Vous dire que je manque de mots pour qualifier les huit perles de ce disque excellent s'avère donc un mensonge éhonté de ma part (ben ouais vu le pavé que tu viens de sortir, ça aurait pas été crédible crème d'emplâtre!) tant je dois courber l'échine devant cette qualité présente à tous les niveaux, aujourd'hui encore, chez des Norvégiens qui savent plus que jamais comment se renouveler malgré les grandes choses qui ont été réalisées précédemment.

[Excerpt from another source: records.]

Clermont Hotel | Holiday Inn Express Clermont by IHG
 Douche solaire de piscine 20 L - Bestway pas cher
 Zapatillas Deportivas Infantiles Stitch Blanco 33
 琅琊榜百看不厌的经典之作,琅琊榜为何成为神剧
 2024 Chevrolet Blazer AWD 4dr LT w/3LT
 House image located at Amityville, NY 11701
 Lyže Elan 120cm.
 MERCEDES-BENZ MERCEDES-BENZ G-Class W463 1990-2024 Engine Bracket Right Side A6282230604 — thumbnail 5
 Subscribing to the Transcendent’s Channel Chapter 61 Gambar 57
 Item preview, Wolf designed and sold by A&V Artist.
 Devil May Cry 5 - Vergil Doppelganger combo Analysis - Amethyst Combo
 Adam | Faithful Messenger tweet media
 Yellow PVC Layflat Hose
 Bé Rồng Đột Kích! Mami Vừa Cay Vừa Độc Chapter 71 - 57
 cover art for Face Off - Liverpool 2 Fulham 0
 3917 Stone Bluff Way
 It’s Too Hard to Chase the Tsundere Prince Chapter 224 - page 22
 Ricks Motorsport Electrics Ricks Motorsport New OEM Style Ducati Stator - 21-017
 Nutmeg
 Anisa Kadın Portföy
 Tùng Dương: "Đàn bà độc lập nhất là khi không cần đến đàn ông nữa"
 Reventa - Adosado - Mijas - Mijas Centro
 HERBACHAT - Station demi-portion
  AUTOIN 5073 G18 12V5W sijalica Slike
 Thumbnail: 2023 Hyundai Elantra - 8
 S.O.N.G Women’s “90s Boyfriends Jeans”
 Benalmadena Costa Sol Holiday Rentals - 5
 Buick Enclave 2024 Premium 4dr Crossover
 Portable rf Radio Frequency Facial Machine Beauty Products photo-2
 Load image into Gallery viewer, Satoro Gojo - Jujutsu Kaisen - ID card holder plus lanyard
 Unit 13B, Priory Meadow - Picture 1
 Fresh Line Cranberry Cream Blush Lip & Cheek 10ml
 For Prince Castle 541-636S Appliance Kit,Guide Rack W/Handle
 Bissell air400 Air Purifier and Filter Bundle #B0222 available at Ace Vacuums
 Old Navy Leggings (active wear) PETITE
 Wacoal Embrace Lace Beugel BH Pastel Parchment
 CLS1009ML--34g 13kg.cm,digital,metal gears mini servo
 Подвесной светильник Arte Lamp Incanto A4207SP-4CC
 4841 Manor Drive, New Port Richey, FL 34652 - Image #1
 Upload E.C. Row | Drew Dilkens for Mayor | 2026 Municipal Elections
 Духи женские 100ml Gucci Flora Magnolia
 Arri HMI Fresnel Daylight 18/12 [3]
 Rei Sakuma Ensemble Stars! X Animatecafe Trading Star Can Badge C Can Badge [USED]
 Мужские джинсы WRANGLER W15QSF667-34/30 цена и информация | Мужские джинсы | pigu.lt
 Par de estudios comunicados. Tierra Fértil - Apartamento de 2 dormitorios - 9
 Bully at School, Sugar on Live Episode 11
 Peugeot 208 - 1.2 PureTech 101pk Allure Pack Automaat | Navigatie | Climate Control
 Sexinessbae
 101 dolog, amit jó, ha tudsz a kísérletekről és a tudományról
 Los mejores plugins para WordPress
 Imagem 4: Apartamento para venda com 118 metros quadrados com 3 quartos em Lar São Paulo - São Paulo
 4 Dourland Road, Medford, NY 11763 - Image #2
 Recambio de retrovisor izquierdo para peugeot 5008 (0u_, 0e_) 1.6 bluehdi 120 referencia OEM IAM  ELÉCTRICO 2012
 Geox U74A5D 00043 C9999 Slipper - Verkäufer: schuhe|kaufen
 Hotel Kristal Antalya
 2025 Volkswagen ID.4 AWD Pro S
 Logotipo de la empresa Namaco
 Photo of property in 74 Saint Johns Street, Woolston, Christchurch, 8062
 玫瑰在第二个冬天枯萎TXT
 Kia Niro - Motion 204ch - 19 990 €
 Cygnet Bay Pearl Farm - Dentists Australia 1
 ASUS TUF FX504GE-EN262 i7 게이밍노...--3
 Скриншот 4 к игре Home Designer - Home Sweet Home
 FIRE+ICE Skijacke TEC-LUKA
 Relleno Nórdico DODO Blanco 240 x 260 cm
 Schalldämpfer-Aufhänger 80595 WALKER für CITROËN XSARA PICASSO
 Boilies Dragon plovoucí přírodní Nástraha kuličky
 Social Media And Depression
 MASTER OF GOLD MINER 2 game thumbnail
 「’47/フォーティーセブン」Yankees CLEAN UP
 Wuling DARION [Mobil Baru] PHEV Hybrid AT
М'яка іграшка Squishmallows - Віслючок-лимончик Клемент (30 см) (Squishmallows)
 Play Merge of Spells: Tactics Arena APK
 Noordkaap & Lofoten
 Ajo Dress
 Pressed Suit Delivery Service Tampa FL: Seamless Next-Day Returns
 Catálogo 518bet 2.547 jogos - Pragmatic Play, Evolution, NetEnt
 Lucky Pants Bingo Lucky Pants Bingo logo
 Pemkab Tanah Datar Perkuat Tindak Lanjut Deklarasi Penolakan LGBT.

Même les quelques longueurs, péché mignon d'ENSLAVED sur ces sorties atmosphériques (pour
RIITIIR, on pensera au début de « Materal » notamment) s'effacent immédiatement dans la mémoire une fois l'écoute terminée... je ne colle que très rarement un 9 à un album récent, mais là il faut se rendre à l'évidence les petits amis :
RIITIIR s'impose comme un vrai chef-d’œuvre, dépassant d'assez loin les précédentes sortie du combo au moins jusqu'à
Isa (2004) et mérite donc largement cette note canon et cette déclaration d'amour de ma part, agenouillé une épée à la main devant ces « rites de l'homme » menés avec une dévotion sans pareille. Si le groupe avait su se maintenir à un excellent niveau avec un précédent disque plus violent, il monte d'un cran en renforçant l'aspect atmosphérique de sa musique, la rendant personnelle et maintenant envers et contre tous cette richesse caractéristique. Maintenant, si vous me permettez, j'y retourne!